The villages are only a few miles – less than five – apart from each other and it is probable that they met through family or friends at a social gathering such as a baptism or wedding.
Anna’s life changed dramatically after marriage. Michael Kacsenyak, baptized 21 September 1834, Roman Catholic and the son of John Kacsenyak and Anna Fucsik, was a couple of years younger than Anna. That was not a common occurrence for young people entering into a first marriage. Michael’s father was Roman Catholic, but his mother Anna was Greek Catholic.
Anna’s first child arrived 11 months after her marriage and her tenth child was born in 1881 when Anna was 48 years old!
All children were baptized in Nizna Sebastova, Slovakia. Some church records provide both the birth and baptismal dates, while others only the date of baptism, which definitely would have happened when the child was newborn.
Children of Michael Kacsenyak and Anna Haluska:
1. Maria, born 14 August 1859; died 5 March 1926, Passaic, Passaic, New Jersey
2. Anna, baptized 9 February 1862; buried 17 September 1863
3. Barbara, baptized 25 February 1864
4. Anna, baptized 12 June 1866; died before 1870 when another Anna was born
5. John, born 28 August 1868; buried 29 October 1868
6. Anna, born 29 July 1870
7. Stephen, born 11 February 1873
8. Elizabeth, born 16 January 1875; died 16 January 1875
9. Maria, born 3 February 1879
10. John, born 23 July 1881
Notice that there are two Marias born to Michael and Anna.
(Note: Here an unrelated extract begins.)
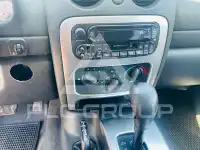 2004 Jeep CHEROKEE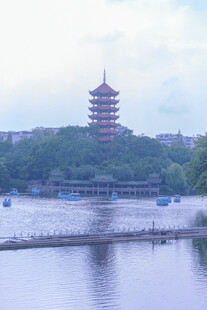 湖畔宝塔美景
The first Maria is my great grandmother and she definitely didn’t died young.
I’ve wondered why they named a second daughter Maria when my Maria was still living and I’ve also wondered if my Maria was disowned by her family for her behavior and choice of husband.
Maria became pregnant when she was only 17 years old. She married Stephen Kucharik, who by all accounts, was a difficult man. Could the naming of the second Maria, born 19 months after my Maria married, been a reaction to my Maria being turned out by her family for dishonoring them? It would have been a huge social scandal for a 17 year old girl to be pregnant out of wedlock.
It’s just a supposition on my part, but having two children with the same given name born to the same parents just didn’t happen. The other possibility is that the second Maria wasn’t named Maria at all and the priest erred when entering the baptism in the books.
From my own record abstractions of Udol church records, this happened far more often than one might suspect.
Anna buried at least four of her children when they were very young and, given that I don’t know what became of the others, she might have buried even more in childhood. My Maria and Barbara were the only two children at home in 1869, which matches with findings in the burial records.
Remember, these villages had no electricity until half way through the 20th century. Medical care was non-existent with epidemics of diseases like typhoid, cholera and even chicken pox for children wiping out 50 or more villagers with each occurrence. There weren’t even any village schools until the 20th century.
In spite of the hardships, Anna and her husband lived relatively long lives. The accessible church records online end in 1899. No burial record has been found for either so they apparently lived to see the 20th century.